For all of its empirical and theoretical rigor, science often begins with an intuition or inspiration. Long before a new idea becomes a paper that appears in an academic journal, for example, it begins as a hypothesis. These creative suppositions commence with “data” stored in a researcher’s mind, which she then “analyzes” through a purely psychological process of pattern recognition. The “aha” moments that may follow are not necessarily inspiration, but rather the output of the researcher’s brain-driven data analysis. In other words, scientific contributions often derive from a researcher’s idiosyncratic and very human thought process.
Given the importance of scientific research and its many benefits, this raises a question: Is there a better way to generate hypotheses other than a reliance on personal analytical insight?
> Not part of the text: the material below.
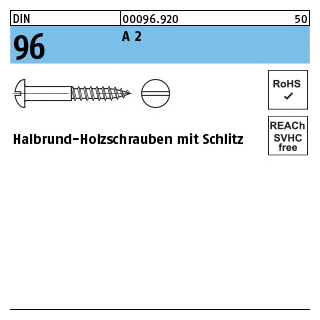DIN 96 A 2 Halbrund-Holzschrauben mit Schlitz - Abmessung: 3 x 20 VE= (200 Stück)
This novel paper examines this question through the lens of machine-learning algorithms and the exploding availability of human behavior data. Second-by-second price and volume data in asset markets, high-frequency cellphone data on location and usage, CCTV camera and police “bodycam” footage, news stories, children’s books,1 the entire text of corporate filings, and so on, is now machine readable. What was once solely mental data in the service of hypothesis generation is increasingly becoming actual data.
The authors posit that these changes can fundamentally change how science gets done, which they demonstrate by developing a procedure that applies machine learning algorithms on rich data sets to generate novel hypotheses. Please see the working paper for more details, but broadly described, the authors extend the human process of generating data-driven correlations to supervised machine learning. Their new approach not only yields far more correlations than a human researcher, but it has the capacity to notice correlations that a human might never discern. This is especially true in high-dimensional data applications, potentially opening the door to research that would otherwise go unexplored.
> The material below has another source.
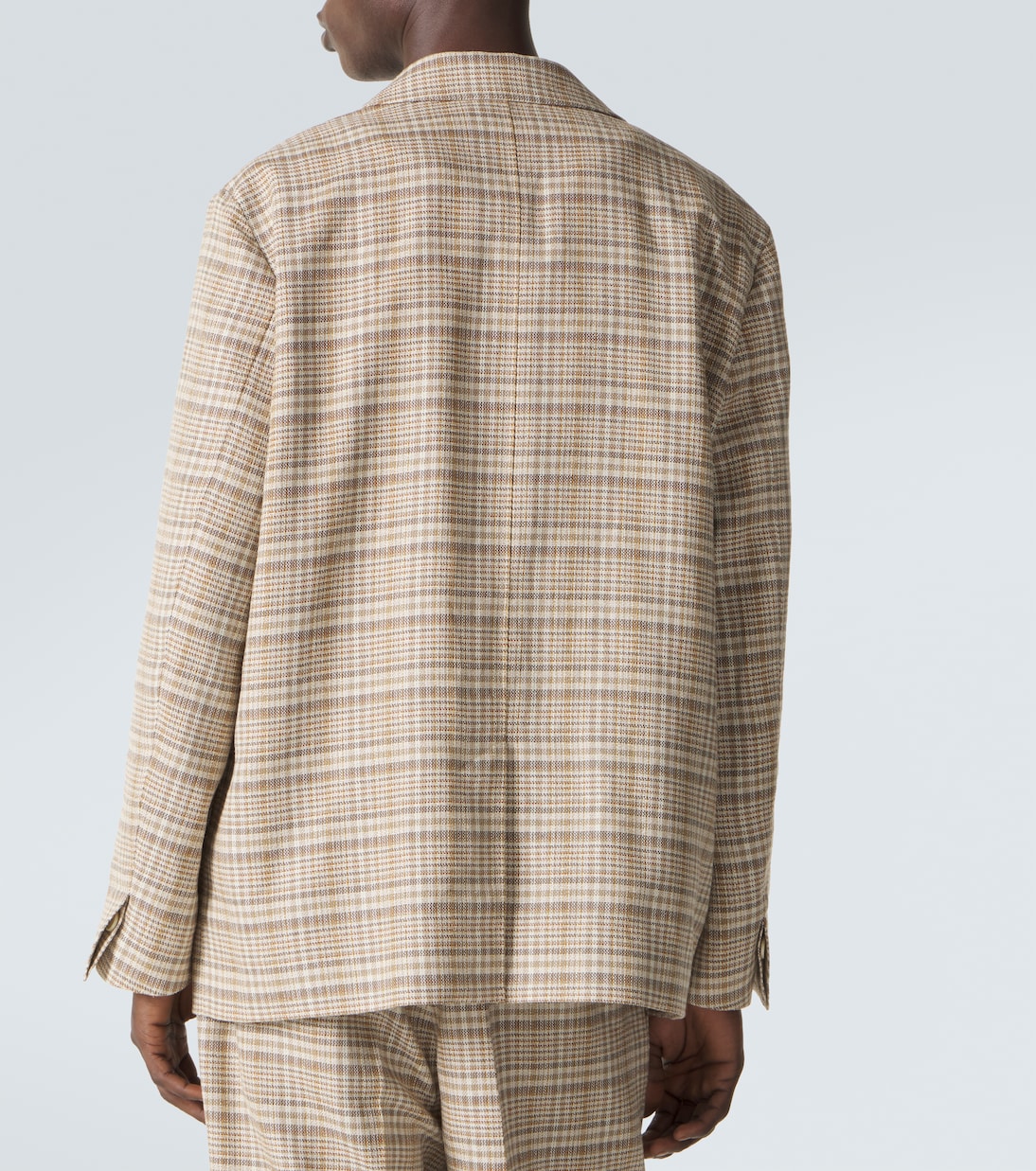 Checked silk and linen tweed jacket | Auralee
To illustrate their procedure, which is applicable across disciplines, the authors study a high-stakes issue with profound implications: How pre-trial judges decide which defendants awaiting trial are incarcerated and which are sent free. These decisions are supposedly based on predictions of a defendant’s risk, but mounting evidence from recent research suggests that judges make these decisions imperfectly. In this case, when the authors build a deep learning model of the judge—one that predicts whether the judge will detain a given defendant—a single factor has large explanatory power: the defendant’s face.
Two characteristics drive a judge’s decision: whether a defendant is “well-groomed” (e.g., tidy, clean, vs. unkempt, disheveled), and whether he is “heavy-faced” (e.g., wide facial shape, puffier, rounder).
The authors find the following:
- A predictor that uses only the pixels in the defendant’s mugshot explains from one-quarter to nearly one-half of the predictable variation in detention.
- Defendants whose mugshots fall in the bottom quartile of predicted detention are 20.4 percentage points (pp) more likely to be jailed than those in the top quartile.>
- By comparison, the difference in detention rates between those arrested for violent versus non-violent crimes is 4.8 pp.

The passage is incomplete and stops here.